On Jan. 2, Taipei City councilors approved regulations for the placement, counselling and self-determination of homeless people. However, less than six months later, Chinese Nationalist Party (KMT) Taipei City Councilor Wang Cheng-de (王正德) was heard saying the homeless were “potentially mad” and compared them to stray dogs. The degree of harm caused by this type of discrimination is an affront. KMT Taipei City Councillor Angela Ying (應曉薇) even said several years ago, during the cold winter months, that the city should use water cannon on the homeless to move them on.
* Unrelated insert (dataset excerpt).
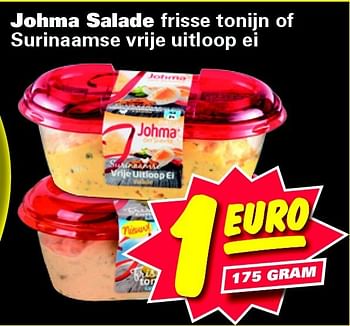 Aanbiedingen Johma salade frisse tonijn of surinaamse vrije uitloop ei - Johma - Geldig van 15/09/2014 tot 21/09/2014 bij Nettorama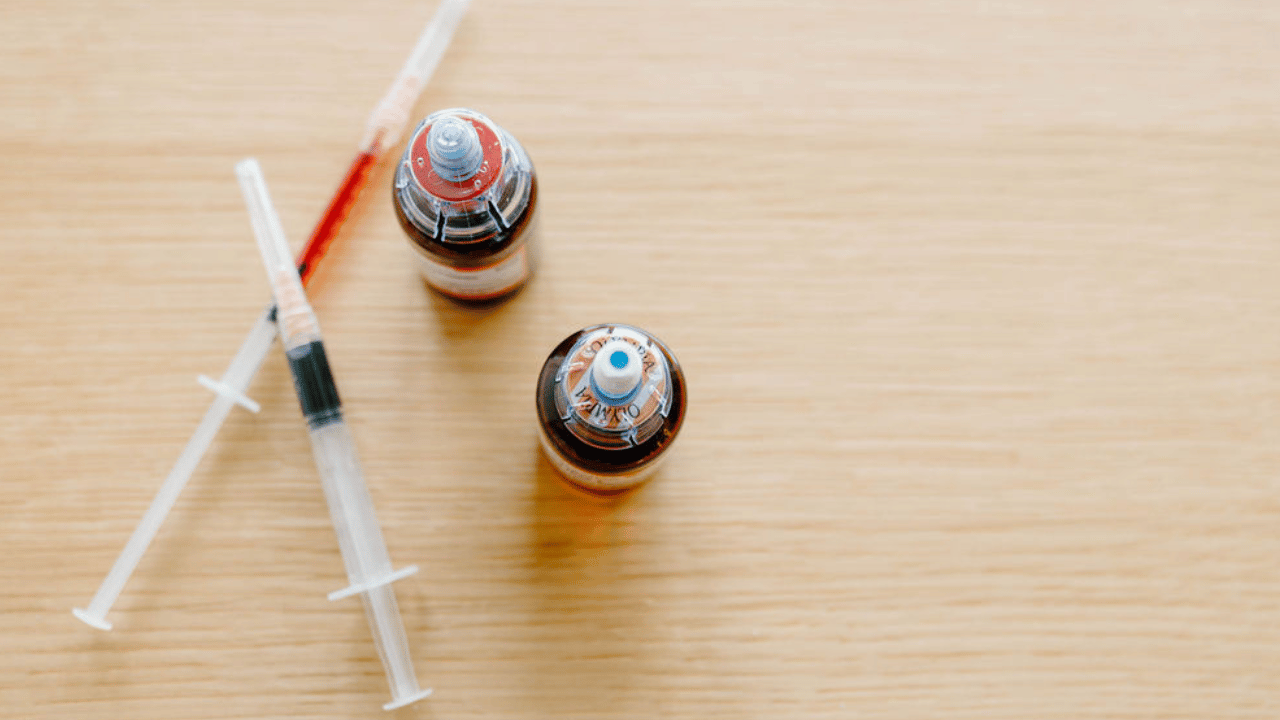 two syringes & ampoule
Actually, the homeless are victims of the excessive development of capitalism and the unfair allocation of resources. The sheer scale of wealth disparity and the numerous holes in social safety nets have meant that in urban areas, in addition to hapless people who fall through the gaps, others with no regular income or a home to go to end up on the streets. The issue of homelessness is a responsibility the government has to address, but the Taipei City Government’s Department of Social Welfare has failed to step up to the plate. Meanwhile, city councilors like Wang and Ying only add to discrimination against the homeless.
On Human Rights Day in 2009, Taiwan signed into law the International Covenant on Civil and Political Rights (ICCPR) and the International Covenant on Economic, Social and Cultural Rights (ICESCR). Anti-discrimination is one of the most important principles in both covenants. Article 2 of both covenants and Article 26 of the ICCPR specify that no person shall be subject to discrimination “on any ground such as race, color, sex, language, religion, political or other opinion, national or social origin, property, birth or other status” and the government must eradicate discrimination through any measures appropriate. However, in Taiwan, the authorities are not only indifferent to discrimination, but are exacerbating it.
According to Article 4 of the Act to Implement the ICCPR and the ICESCR “all levels of governmental institutions and agencies” — including local governments — “should conform to human rights protection provisions in the two Covenants,” meaning to “avoid violating human rights” and to “promote the realization of human rights” by adhering to UN interpretations. Also, the Committee on Economic, Social and Cultural Rights’ General Comment No. 20 on non-discrimination in economic, social and cultural rights, under “Economic and social situation,” item 35, says that “[a] person’s social and economic situation when living in poverty or being homeless may result in pervasive discrimination, stigmatization and negative stereotyping which can lead to the refusal of, or unequal access to, the same quality of education and healthcare as others, as well as the denial of or unequal access to public places.”
Yet the homeless in Taipei, in the middle of winter, can be thrown out of Taipei Railway Station, or subject to police harassment or interrogation.
An international group of human rights experts made these recommendations to the government last year: that government departments, local government agencies and non-governmental organizations should cooperate closely to find ways to locate the homeless, and that plans should be drawn up, based on expert advice, to assess and evaluate a range of solutions, allowing psychiatrists, doctors, street workers, local government agencies and government departments to work as effectively as possible.
There are groups concerned with the homeless issue that are willing to work with the government, but first it must put its discrimination aside.
Shih Yi-hsiang is executive secretary of the Taiwan Association for Human Rights and of Covenants Watch.